_Exercise brief:_ Word for word, and without a single picture, repeat the entries.

Web page caption snippets:

++++++

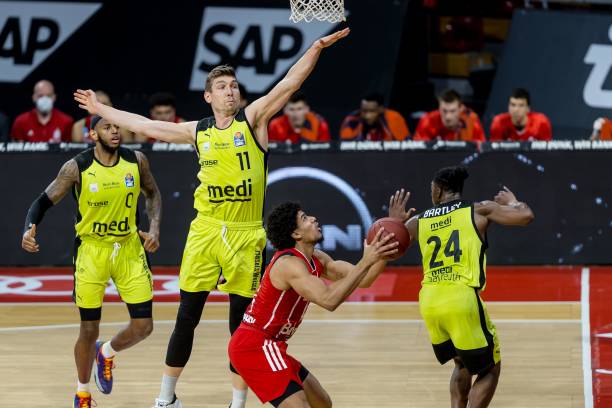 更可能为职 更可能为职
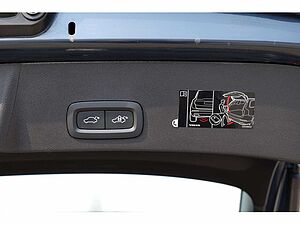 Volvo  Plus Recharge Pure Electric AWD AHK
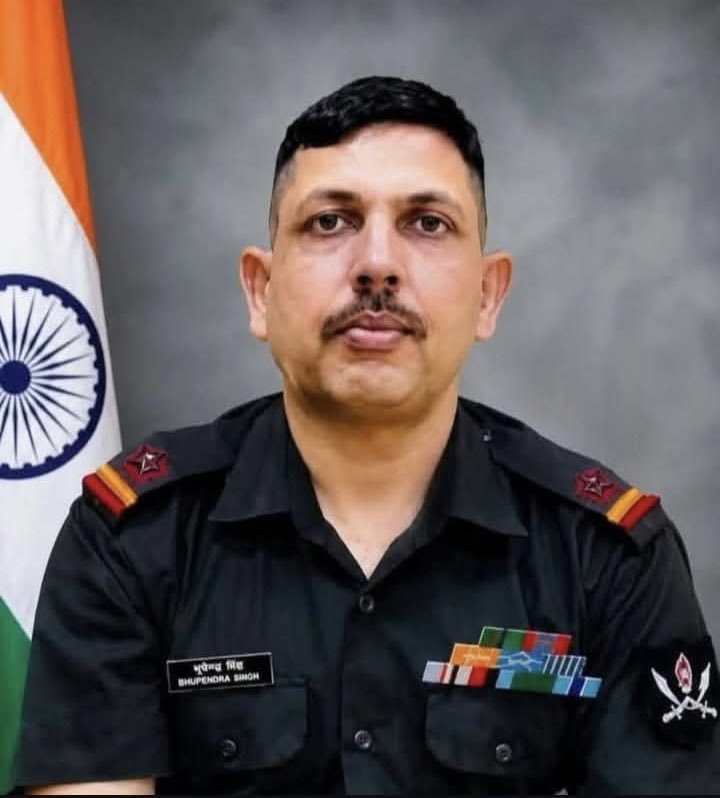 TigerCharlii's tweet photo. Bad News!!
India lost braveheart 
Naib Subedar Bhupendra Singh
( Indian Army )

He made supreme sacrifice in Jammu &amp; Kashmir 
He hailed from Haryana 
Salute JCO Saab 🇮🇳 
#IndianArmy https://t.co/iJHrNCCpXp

++++++

_Output below:_
 更可能为职 更可能为职
 Volvo  Plus Recharge Pure Electric AWD AHK
 TigerCharlii's tweet photo. Bad News!!
India lost braveheart 
Naib Subedar Bhupendra Singh
( Indian Army )

He made supreme sacrifice in Jammu &amp; Kashmir 
He hailed from Haryana 
Salute JCO Saab 🇮🇳 
#IndianArmy https://t.co/iJHrNCCpXp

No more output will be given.